Continuing through Dras (reputedly the coldest place in India) the scenery turned increasingly alpine with fir trees, pretty meadows and more snow-capped mountains. Buddhist Ladakh’s mud-brick, flat-roofed houses had long given way to pitched corrugated-metal roofs and from virtually every hamlet rose a little minaret or two.


A particularly lovely yet lonely valley heralds the approach to the famous Zoji La, gateway to the Vale of Kashmir. What this notch in the main Himalayan range lacks in altitude ‒ at 11,600ft it’s about the same height as Leh ‒ it more than makes up in cliff-hugging, precipitous drama. And, with seemingly never-ending remedial works, this short section remains the roughest yet probably most exhilarating stage of the journey.

After safely manoeuvring like a crab we plunged into the Sindh Valley and skirted Sonamarg, the once-empty meadow now a rapidly expanding ‘resort’ bearing the brunt of Kashmir’s tourist revival. Villages grew larger with richer-looking fields and orchards, and without much fuss we emerged into the lush broad Vale of Kashmir. Forty minutes later we’d navigated the humdrum suburbs of Srinagar, the state capital, to stop beside Dal Lake.

For all Kashmir’s lovely scenery and famed Mughal gardens along with Srinagar’s teeming old quarter with its fine mosques and saints’ shrines, it is the capital’s lakes and their unique houseboats that have long defined the tourist experience.

So fond of the region were early British visitors, the houseboat quickly became a neat way around the then Maharaja of Kashmir’s restrictions on outsiders regarding residency and property. Nimble business-minded Kashmiris readily embraced the concept, creating charming dens of cosy Victoriana embellished with the best of local craftsmanship, especially beautifully carved wooden panelling for walls and ceilings.

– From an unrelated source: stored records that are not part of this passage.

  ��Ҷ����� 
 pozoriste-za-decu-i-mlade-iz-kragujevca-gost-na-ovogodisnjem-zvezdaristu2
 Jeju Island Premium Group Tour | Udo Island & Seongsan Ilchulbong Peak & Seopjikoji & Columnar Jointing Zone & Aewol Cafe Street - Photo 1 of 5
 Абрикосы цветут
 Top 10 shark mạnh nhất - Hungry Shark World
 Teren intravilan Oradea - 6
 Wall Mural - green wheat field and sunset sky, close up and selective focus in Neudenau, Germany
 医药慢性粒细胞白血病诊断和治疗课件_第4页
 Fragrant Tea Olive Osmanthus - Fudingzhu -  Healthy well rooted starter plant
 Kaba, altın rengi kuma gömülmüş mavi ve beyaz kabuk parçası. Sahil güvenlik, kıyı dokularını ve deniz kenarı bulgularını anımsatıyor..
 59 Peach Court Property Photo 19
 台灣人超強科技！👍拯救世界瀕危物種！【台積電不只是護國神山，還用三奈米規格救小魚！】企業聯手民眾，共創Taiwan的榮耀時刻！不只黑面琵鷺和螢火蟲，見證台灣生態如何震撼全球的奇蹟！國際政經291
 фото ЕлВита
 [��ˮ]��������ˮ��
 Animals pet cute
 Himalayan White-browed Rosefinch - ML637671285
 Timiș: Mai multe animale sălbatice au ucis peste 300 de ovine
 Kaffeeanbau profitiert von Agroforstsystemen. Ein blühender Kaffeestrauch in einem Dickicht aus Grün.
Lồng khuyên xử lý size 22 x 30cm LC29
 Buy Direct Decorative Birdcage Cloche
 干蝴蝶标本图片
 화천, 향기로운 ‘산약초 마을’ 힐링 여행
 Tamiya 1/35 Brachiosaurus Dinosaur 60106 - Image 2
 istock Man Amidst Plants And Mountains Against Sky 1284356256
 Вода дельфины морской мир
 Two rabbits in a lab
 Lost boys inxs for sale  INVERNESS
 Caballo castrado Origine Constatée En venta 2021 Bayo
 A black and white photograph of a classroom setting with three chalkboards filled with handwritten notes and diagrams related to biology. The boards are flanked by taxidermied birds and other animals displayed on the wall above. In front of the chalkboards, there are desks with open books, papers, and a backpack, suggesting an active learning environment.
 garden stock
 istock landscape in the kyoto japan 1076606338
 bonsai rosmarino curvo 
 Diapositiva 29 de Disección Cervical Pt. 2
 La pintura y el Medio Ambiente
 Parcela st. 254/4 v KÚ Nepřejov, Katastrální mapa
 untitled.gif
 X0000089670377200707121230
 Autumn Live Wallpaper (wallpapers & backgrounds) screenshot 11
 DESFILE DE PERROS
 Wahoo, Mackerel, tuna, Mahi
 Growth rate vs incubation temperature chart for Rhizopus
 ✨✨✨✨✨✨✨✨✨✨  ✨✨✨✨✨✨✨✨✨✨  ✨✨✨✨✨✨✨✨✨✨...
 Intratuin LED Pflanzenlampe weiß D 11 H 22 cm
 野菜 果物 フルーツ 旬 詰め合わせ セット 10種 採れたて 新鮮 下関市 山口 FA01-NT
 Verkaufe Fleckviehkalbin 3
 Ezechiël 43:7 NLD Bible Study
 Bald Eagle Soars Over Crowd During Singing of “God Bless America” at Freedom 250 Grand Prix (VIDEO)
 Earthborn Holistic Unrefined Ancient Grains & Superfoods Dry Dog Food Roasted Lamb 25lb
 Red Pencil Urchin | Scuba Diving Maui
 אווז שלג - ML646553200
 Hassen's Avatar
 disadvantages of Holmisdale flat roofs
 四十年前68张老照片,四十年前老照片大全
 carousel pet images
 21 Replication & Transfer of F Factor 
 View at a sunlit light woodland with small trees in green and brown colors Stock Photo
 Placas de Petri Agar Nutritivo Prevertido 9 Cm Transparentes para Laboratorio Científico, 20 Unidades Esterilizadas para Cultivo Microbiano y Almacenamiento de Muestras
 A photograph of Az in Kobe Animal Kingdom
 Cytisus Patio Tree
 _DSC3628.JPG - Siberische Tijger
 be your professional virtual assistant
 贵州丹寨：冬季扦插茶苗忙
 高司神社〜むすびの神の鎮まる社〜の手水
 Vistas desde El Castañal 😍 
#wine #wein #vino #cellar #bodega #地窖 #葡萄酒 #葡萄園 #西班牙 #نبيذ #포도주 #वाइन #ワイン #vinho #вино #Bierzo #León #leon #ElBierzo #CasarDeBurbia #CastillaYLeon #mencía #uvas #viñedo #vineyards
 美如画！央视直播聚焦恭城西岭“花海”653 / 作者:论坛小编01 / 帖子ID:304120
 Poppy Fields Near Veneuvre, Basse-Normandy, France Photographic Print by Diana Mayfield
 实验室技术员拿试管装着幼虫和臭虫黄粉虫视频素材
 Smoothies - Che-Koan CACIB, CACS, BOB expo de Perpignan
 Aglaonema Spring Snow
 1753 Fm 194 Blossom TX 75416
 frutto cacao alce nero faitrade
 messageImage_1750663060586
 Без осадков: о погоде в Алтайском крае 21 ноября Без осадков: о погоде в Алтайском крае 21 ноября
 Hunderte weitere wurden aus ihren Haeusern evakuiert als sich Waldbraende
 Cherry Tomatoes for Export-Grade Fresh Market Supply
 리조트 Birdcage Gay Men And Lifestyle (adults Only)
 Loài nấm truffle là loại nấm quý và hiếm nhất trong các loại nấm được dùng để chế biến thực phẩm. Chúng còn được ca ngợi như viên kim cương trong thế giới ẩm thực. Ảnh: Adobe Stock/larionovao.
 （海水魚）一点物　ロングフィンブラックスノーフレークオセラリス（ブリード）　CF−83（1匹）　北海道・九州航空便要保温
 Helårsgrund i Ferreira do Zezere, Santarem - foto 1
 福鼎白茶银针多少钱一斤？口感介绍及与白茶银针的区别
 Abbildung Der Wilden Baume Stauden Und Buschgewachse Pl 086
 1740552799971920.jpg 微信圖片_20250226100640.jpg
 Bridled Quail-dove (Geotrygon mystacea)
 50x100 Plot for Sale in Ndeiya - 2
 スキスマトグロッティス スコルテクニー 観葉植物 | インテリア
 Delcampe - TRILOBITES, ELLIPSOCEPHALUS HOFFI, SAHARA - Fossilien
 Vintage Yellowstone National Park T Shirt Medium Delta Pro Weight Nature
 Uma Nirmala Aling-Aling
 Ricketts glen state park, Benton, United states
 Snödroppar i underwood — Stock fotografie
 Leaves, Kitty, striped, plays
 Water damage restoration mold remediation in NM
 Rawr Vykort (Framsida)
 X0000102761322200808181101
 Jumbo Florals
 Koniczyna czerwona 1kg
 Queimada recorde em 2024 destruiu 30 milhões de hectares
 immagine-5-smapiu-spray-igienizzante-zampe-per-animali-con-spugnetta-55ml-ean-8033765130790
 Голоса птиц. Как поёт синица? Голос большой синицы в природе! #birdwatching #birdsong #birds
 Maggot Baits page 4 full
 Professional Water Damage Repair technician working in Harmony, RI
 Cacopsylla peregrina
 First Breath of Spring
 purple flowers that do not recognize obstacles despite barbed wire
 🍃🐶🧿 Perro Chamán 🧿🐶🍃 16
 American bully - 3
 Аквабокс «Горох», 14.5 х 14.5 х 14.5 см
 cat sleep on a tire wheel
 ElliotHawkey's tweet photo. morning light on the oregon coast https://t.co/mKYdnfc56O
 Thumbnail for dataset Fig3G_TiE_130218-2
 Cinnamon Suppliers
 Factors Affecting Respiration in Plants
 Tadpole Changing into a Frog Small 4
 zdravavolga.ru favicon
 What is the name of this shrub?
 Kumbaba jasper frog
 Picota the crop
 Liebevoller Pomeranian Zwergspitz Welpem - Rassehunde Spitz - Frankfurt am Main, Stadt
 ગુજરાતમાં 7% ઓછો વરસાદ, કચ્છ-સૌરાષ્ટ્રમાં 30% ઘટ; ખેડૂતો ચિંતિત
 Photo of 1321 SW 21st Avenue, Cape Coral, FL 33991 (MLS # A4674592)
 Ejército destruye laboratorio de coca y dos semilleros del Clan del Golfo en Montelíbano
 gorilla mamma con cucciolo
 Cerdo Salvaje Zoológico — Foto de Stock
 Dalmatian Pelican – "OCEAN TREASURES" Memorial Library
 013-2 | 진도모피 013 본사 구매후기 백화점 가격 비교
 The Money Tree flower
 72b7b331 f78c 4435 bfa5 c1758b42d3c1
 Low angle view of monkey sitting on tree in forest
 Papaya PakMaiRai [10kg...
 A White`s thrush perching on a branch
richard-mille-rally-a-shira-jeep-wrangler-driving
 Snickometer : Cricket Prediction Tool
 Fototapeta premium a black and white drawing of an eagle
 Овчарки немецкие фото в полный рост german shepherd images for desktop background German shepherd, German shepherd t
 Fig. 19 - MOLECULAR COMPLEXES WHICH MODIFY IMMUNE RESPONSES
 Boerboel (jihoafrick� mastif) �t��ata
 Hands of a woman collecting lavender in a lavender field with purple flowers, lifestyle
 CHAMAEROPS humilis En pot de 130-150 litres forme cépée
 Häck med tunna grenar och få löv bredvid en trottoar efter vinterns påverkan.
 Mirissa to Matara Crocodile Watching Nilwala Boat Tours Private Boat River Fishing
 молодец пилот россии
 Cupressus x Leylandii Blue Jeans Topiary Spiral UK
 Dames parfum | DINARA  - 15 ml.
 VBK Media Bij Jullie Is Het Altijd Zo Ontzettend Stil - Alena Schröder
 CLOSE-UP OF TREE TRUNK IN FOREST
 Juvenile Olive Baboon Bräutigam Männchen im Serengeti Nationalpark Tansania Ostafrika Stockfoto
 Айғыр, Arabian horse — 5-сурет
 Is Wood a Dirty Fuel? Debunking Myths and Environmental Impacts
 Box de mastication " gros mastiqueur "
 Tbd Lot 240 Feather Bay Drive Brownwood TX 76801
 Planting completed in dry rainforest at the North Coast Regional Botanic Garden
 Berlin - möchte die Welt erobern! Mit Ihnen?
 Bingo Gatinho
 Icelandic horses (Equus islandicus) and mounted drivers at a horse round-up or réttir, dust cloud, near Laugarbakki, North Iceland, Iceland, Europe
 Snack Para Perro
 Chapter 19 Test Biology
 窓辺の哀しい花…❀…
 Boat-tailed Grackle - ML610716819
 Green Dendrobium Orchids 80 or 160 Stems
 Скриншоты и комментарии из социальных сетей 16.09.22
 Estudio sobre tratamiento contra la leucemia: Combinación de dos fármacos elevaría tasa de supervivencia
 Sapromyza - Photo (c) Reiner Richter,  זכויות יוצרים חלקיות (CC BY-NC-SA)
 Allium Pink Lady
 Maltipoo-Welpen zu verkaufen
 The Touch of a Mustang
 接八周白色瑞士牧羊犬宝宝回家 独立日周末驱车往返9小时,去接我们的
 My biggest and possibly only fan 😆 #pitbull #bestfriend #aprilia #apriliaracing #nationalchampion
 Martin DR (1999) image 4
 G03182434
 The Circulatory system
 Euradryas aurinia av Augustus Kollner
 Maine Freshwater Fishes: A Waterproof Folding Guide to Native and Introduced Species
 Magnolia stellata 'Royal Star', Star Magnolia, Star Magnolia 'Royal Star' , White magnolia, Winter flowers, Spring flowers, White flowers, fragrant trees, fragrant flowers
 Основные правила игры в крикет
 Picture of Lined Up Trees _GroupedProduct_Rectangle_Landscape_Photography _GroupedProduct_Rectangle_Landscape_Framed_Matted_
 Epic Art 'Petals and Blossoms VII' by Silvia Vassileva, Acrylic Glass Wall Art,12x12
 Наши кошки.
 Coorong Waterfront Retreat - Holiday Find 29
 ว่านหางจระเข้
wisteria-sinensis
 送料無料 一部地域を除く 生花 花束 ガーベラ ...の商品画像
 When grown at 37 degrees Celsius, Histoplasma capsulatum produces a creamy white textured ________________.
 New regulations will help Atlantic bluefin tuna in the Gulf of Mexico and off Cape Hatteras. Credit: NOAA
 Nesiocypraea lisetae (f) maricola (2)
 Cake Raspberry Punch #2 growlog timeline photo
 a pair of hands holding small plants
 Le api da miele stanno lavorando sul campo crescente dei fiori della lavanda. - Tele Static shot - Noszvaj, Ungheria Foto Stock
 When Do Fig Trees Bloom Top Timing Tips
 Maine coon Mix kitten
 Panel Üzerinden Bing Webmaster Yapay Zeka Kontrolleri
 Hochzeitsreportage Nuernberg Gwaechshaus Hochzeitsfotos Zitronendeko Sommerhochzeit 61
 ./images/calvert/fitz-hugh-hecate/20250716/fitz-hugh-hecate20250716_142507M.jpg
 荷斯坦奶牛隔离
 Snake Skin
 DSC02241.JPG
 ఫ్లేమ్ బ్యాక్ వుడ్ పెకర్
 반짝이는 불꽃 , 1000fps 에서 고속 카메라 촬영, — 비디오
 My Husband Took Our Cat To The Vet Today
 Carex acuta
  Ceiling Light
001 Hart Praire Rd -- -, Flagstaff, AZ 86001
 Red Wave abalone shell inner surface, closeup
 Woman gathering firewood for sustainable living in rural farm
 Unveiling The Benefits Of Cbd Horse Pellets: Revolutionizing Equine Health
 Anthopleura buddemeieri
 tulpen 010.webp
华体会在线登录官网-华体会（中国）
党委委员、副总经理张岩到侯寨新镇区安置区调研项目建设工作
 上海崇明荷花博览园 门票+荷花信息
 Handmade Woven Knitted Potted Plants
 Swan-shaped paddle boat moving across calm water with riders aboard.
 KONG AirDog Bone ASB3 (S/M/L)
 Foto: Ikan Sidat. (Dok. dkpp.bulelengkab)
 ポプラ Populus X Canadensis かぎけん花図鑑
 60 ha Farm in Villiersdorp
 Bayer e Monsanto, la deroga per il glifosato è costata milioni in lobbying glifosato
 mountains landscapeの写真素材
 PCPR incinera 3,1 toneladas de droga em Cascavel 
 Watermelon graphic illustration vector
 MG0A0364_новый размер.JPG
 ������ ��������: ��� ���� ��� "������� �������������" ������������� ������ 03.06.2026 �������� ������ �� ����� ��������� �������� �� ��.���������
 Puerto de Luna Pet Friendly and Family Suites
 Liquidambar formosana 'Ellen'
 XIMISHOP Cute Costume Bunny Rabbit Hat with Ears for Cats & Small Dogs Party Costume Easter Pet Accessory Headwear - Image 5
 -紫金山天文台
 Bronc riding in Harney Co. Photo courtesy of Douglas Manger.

I spent days on the placid lake watching shikaras ‒ slender taxi boats with cushions and awnings ‒ toing and froing with small groups of dreamy-eyed tourists. I joined locals paddling little skiffs to and from local markets and vegetable gardens. Beyond the majestic ranks of chinars, or plane trees, lining much of the lake, the rugged Zabarwan Hills rose tantalisingly in the distance. This marked an idyllic ending to the ultimate road trip.